It’s been three weeks without a post and I’m just back from a trip so I’m anxious to post something without further delay.  My recent travels included a few days in Portland, Oregon, where I was able to partake of the Portland Institute for Contemporary Art’s Time-Based Art festival.  TBA10, as they labeled it, included some stellar performances and several that I caught really stood out.

One night I saw the Nature Theater of Oklahoma (they’re a New York City-based ensemble; the reference is to Kafka’s Amerika) perform their two-person play Romeo and Juliet.

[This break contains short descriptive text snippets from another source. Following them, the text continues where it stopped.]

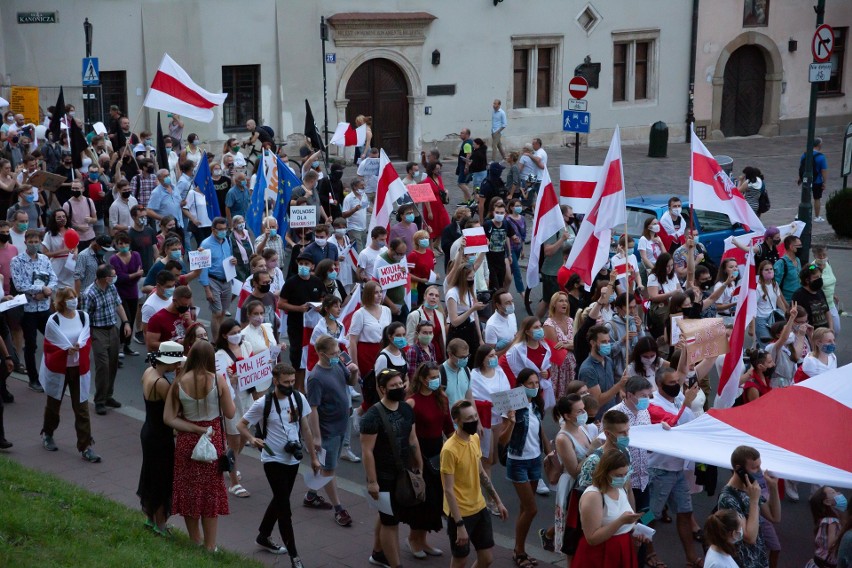 Mieszkańcy Krakowa przeszli ulicami miasta w geście solidarności z Białorusinami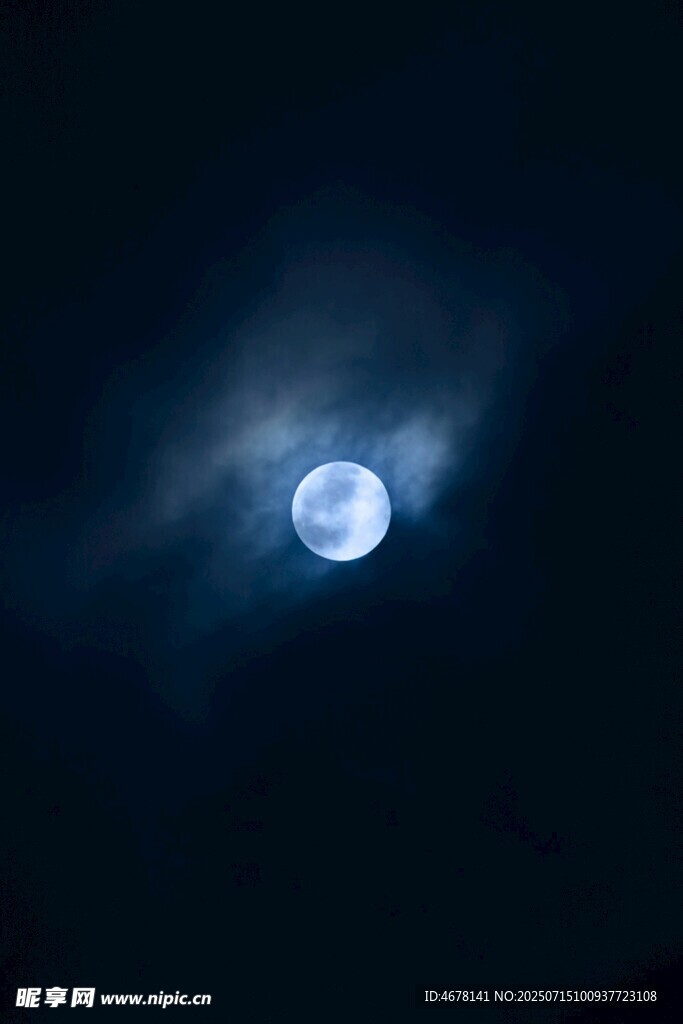 夜空中明亮的皎洁圆月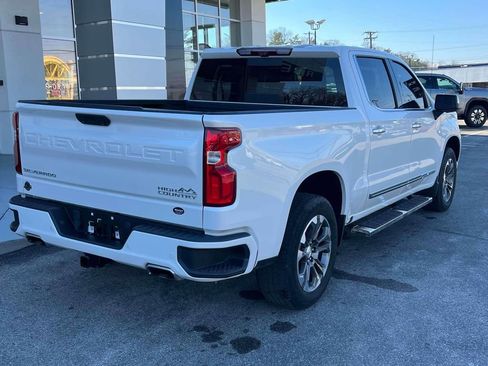 Certified 2023 Chevrolet Silverado 1500 High Country w/ Technology Package AWD/4WD image 3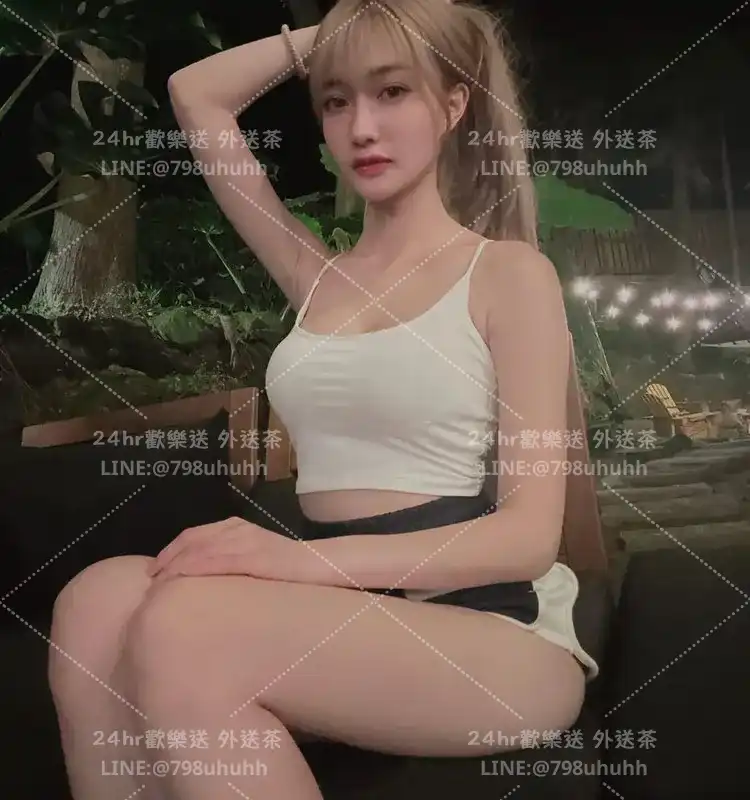 台中外送茶 依語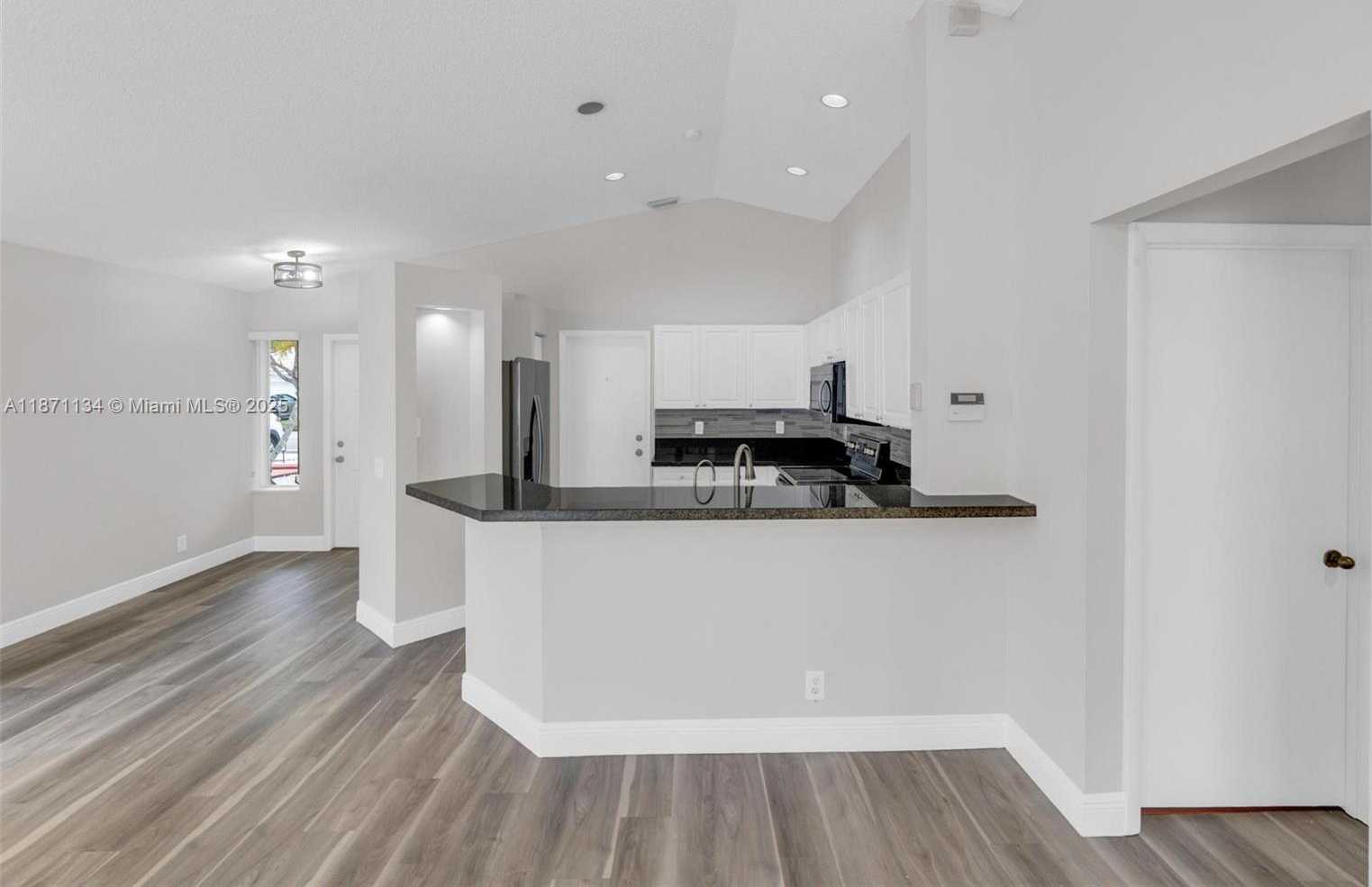 Small Image of 1592 SALERNO CIR, Weston Number 7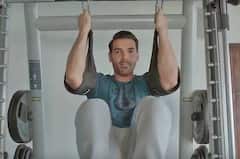 আসুন ঘুরে আসি জন আব্রাহামের আলিশান বাংলো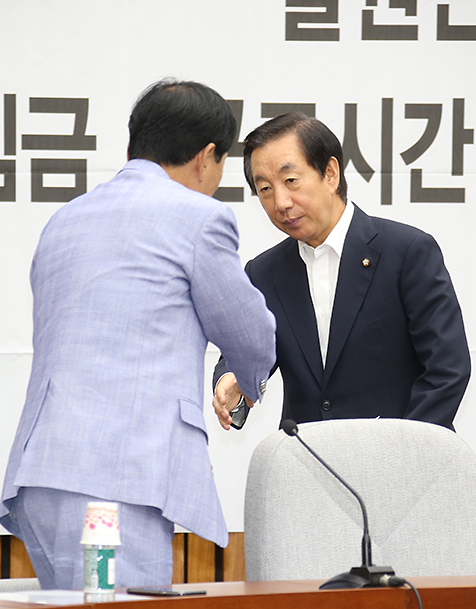 제목 노출 영역입니다 이미지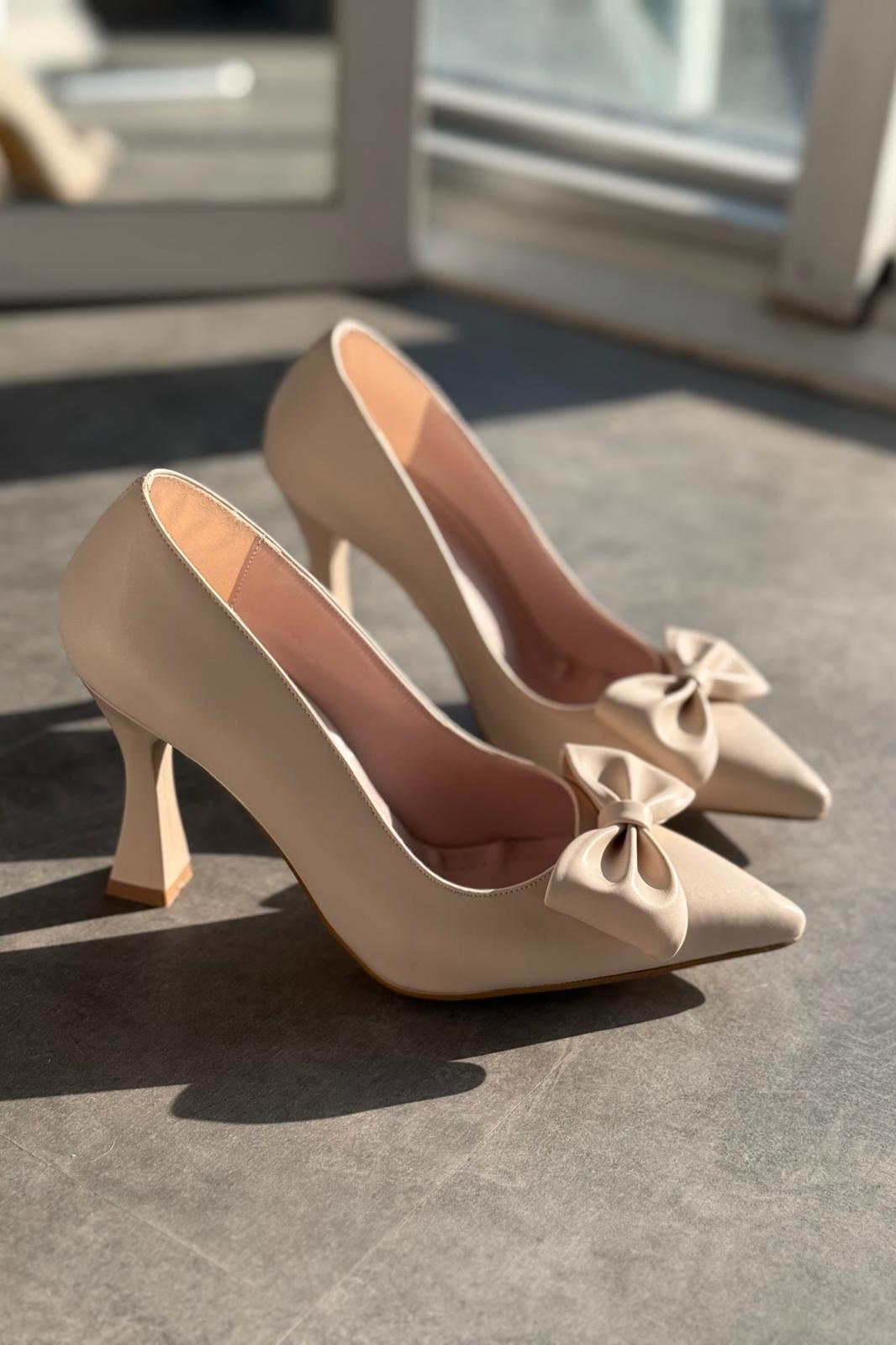 Odrin Mat Deri Bej Fiyonk Detaylı Stiletto - ILOVESHOES
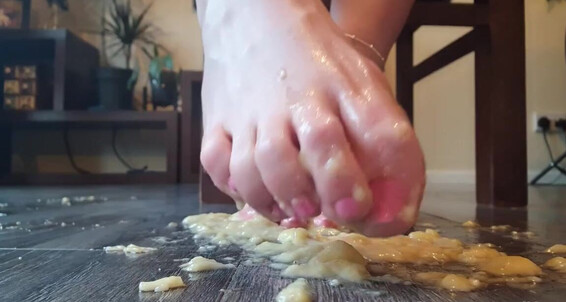 The Foot Queen - Queengf90Premium The Queen Onlyfans Aka Foot Operation Clean Of England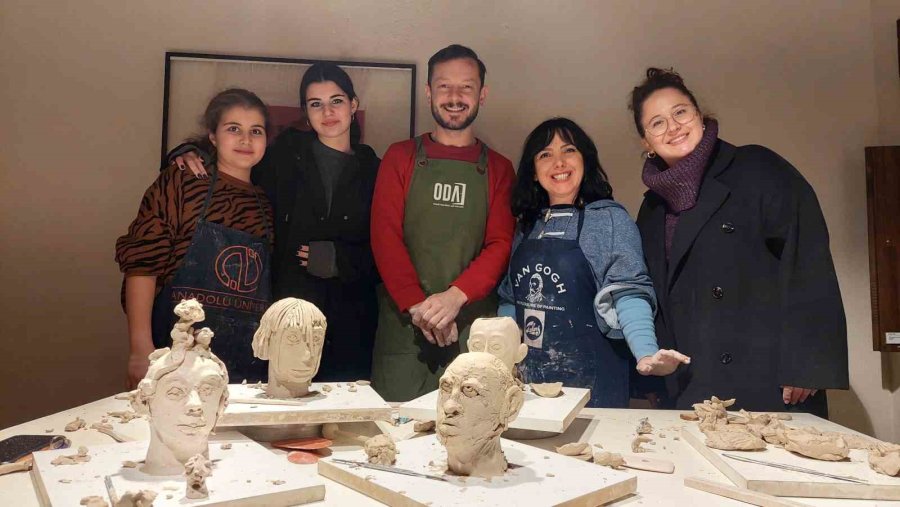 ’sanat İyileştirir’ Mottosuyla Seramik Heykel Atölyesi Gerçekleştirildi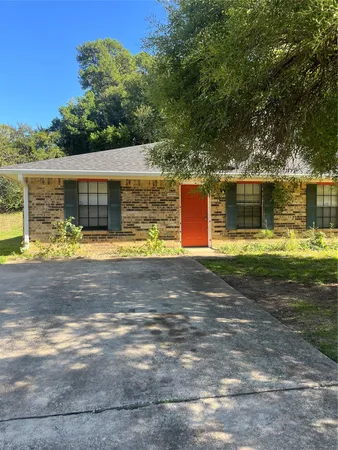 $1,000 | 3005 Manor Lane, Unit B, Huntsville, TX 77340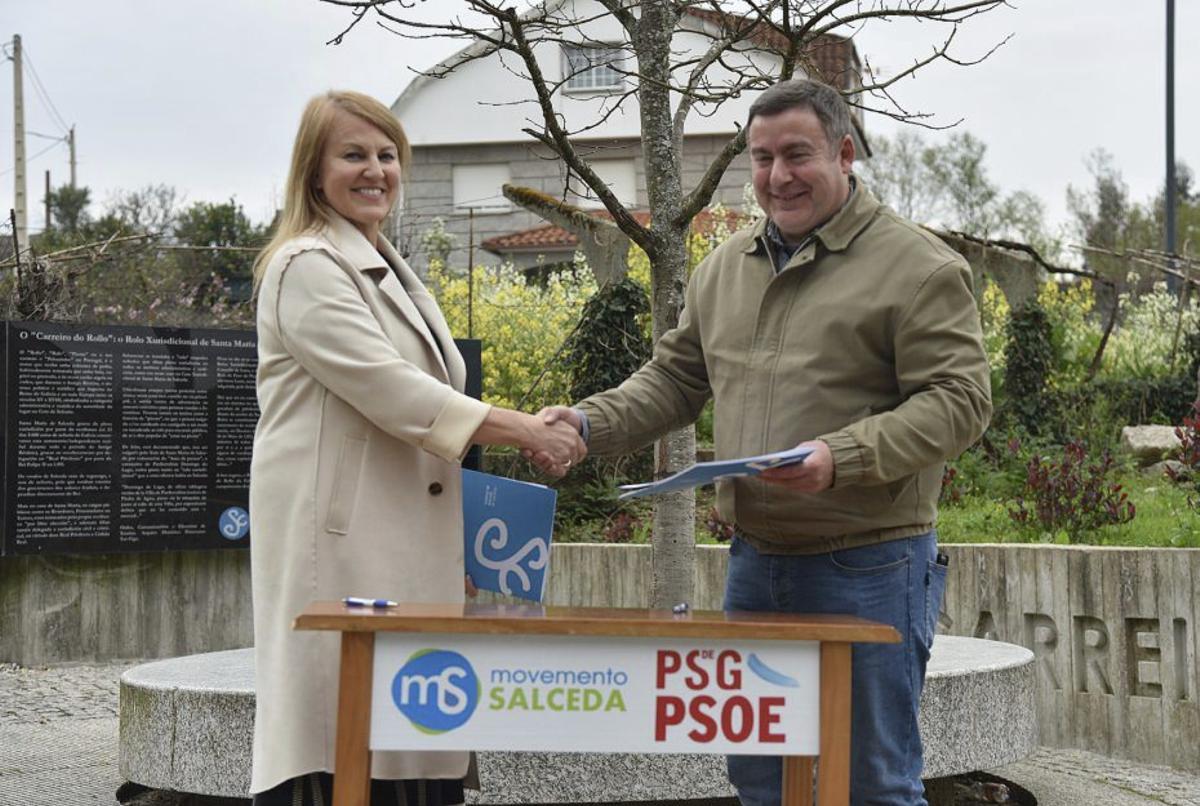La alcaldesa Loli Castiñeira y Xurxo Gregorio firman en el carreiro do Rollo el acuerdo de gobierno. | D.P.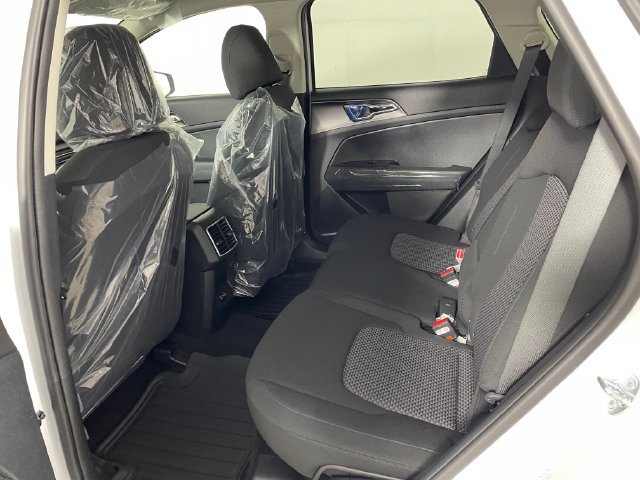New 2026 Kia Sportage LX FWD image 6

The result of a series of phone calls to people who were asked to tell, in their own words, the story of Shakespeare’s Romeo and Juliet. When no one seems to exactly remember the plot, versions of the story begin to compound in an array of competing scenarios as the participants try to invent themselves out of their own narrative blind alleys. As memory fails, a necessary creativity steps in to fill the void and we are left with a highly personal and original series of Romeos, pervaded with feeling and rife with thoughts about love, need and the complex nature of self-sacrifice.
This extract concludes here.